GitOrigin-RevId: 7450c4f25e52fc334344b7853c0bd897a6212847
---
 dnn/include/megdnn/oprs/base.h            |  1 +
 dnn/src/fallback/convolution/opr_impl.cpp |  2 ++
 src/core/impl/dtype.cpp                   | 31 +++++++++++++++++------
 3 files changed, 26 insertions(+), 8 deletions(-)
diff --git a/dnn/include/megdnn/oprs/base.h b/dnn/include/megdnn/oprs/base.h
index 56d3297f7..f62b8927f 100644
--- a/dnn/include/megdnn/oprs/base.h
+++ b/dnn/include/megdnn/oprs/base.h
@@ -90,6 +90,7 @@ enum class AlgoDataType : uint32_t {
     INT8X8X16 = 1 << 4,
     INT16X16X32 = 1 << 5,
     INT4X4X16 = 1 << 6,
+    QINT4x4x32 = 1 << 7, 
 };
 
 /*!
diff --git a/dnn/src/fallback/convolution/opr_impl.cpp b/dnn/src/fallback/convolution/opr_impl.cpp
index 803de16a4..8e1d14829 100644
--- a/dnn/src/fallback/convolution/opr_impl.cpp
+++ b/dnn/src/fallback/convolution/opr_impl.cpp
@@ -434,6 +434,8 @@ ConvolutionImpl::NCBKernSizeParam::deduce_algo_data_type() const {
         }
     } else if (src_type.enumv() == DTypeEnum::Quantized8Asymm) {
         return ConvolutionImpl::AlgoDataType::QUINT8X8X32;
+    } else if (src_type.enumv() == DTypeEnum::QuantizedS4) {
+        return ConvolutionImpl::AlgoDataType::QINT4x4x32;
     } else {
         megdnn_throw(ssprintf("not support data type of %s * %s -> %s\n",
                               src_type.name(), filter_type.name(),
diff --git a/src/core/impl/dtype.cpp b/src/core/impl/dtype.cpp
index 85b8a0e57..91c8f23b4 100644
--- a/src/core/impl/dtype.cpp
+++ b/src/core/impl/dtype.cpp
@@ -14,7 +14,6 @@
 #include "megbrain/exception.h"
 #include "megbrain/utils/metahelper.h"
 #include "megbrain/utils/arith_helper.h"

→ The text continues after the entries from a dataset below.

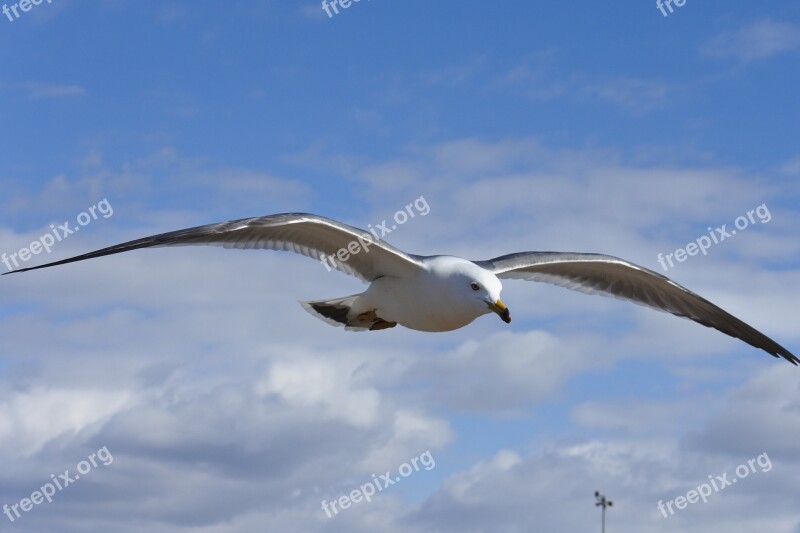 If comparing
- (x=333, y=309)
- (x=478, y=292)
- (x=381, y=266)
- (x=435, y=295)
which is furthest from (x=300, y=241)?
(x=333, y=309)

-#include "megdnn/dtype.h"
 
 #include <cmath>
 #include <cstring>
@@ -383,24 +382,40 @@ struct QuantizedLowbitMemcpy<DT, true> {
     // cast with bits that 8 % bits == 0
     static constexpr uint16_t bits = DTypeTrait<DT>::low_bit;
     static constexpr uint8_t MASK = (1 << bits) - 1;
-    using Trait = QuantizedLowbitTrait<DT>;
+    static constexpr bool signedness =
+            std::is_same<DT, dtype::QuantizedS4>::value;
 
     static void byte2compact(void* dest_raw, const void* src_raw, size_t n) {
         auto dest = static_cast<uint8_t*>(dest_raw);
         auto src = static_cast<const int8_t*>(src_raw);
         memset(dest, 0, divup<size_t>(n * bits, 8));
         for (size_t i = 0; i < n; ++i) {
-            int8_t val = src[i] + Trait::SHIFT;
-            mgb_assert(val >= 0 && val < (1 << bits));
-            dest[i * bits / 8] |= val << (i * bits % 8);
+            int8_t val = src[i];
+            static const auto min_val = DTypeTrait<DT>::min();
+            static const auto max_val = DTypeTrait<DT>::max();
+            MGB_MARK_USED_VAR(min_val);
+            MGB_MARK_USED_VAR(max_val);
+            mgb_assert(val >= static_cast<int8_t>(min_val) &&
+                               val <= static_cast<int8_t>(max_val),
+                       "data exceeds range(%d,%d) of data type", min_val,
+                       max_val);
+            dest[i * bits / 8] |= (val & MASK) << (i * bits % 8);
         }
     }
     static void compact2byte(void* dest_raw, const void* src_raw, size_t n) {
-        auto dest = static_cast<int8_t*>(dest_raw);
+        auto dest = reinterpret_cast<int8_t*>(dest_raw);
         auto src = static_cast<const uint8_t*>(src_raw);
         for (size_t i = 0; i < n; ++i) {
-            int8_t val = ((src[i * bits / 8] >> (i * bits % 8)) & MASK);
-            dest[i] = val - Trait::SHIFT;
+            uint8_t intermediate =
+                    ((src[i * bits / 8] >> (i * bits % 8)) & MASK);
+            if (signedness) {
+                int val = (intermediate & uint8_t(1 << (bits - 1)))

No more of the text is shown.